Cream Finance, one of the lending protocols built on Ethereum, is a victim of DeFi network attacks. The protocol was compromised in October, resulting in a loss of $130 million in funds. According to follow-up on the breach, the attackers took advantage of Cream’s lending protocol vulnerabilities to carry out a flash loan transaction.
Ideally, flash loan attacks involve market manipulation to drive down the value of borrowed assets, giving the attackers an opportunity to repurchase the tokens at a lower price and repay the loan.
Protecting DApps From Identity Theft & Network Exploits
While the DeFi exploits have cost investors a dime, they have also given rise to native solutions that reduce the probability of occurrence. On this front, we have emerging solutions such as decentralized digital identity wallets, which enable DApp innovators and users to interact with DeFi seamlessly and securely.
The Safle decentralized blockchain identity wallet is one of the solutions currently addressing the security challenges in DeFi. This decentralized ecosystem enables users to create a decentralized wallet through the SafleID wallet, an EVM compatible smart contract wallet that supports multiple blockchain networks (Ethereum, Binance Smart Chain (BSC) and Polygon).

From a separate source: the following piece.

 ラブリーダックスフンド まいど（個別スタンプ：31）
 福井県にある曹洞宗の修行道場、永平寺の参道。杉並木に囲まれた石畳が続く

With Safle’s decentralized blockchain identity wallet, DApp users can interact with DeFi protocols while securing their addresses and private keys through Safle’s vault. Additionally, the platform features a tech stack that allows developers to integrate the Safle wallet into their DApps. Crypto users who leverage this ecosystem can operate without being worried about hackers compromising their identities.
As for the smart contract exploitations, the best combat approach is building robust and tested DApps. Today, most of the DApps projects launching hardly undergo rigorous audits before launch. This complacency has resulted in the exploitation of prominent protocols such as Poly Network and Cream Finance. That said, it is never too late to change the narrative; DeFi stakeholders can improve the market’s security by embracing proper audits and incentives such as bug bounties to address the underlying challenges.
Bottom Line
As more people embrace the potential of crypto assets, the market will likely grow bigger in the coming years. This being the case, the existing market participants should pay more attention to security issues. On the one hand, innovators have the task of building more robust DApps, while on the other, DApp users have to carry out more due diligence before engaging with any DeFi protocol.
Thanks to the solutions such as decentralized digital identities, the workload has been reduced for both groups. Secure digital identities will play a fundamental role in fostering the growth of DApps and the crypto ecosystem at large.
Disclaimer: This article is provided for informational purposes only. It is not offered or intended to be used as legal, tax, investment, financial, or other advice.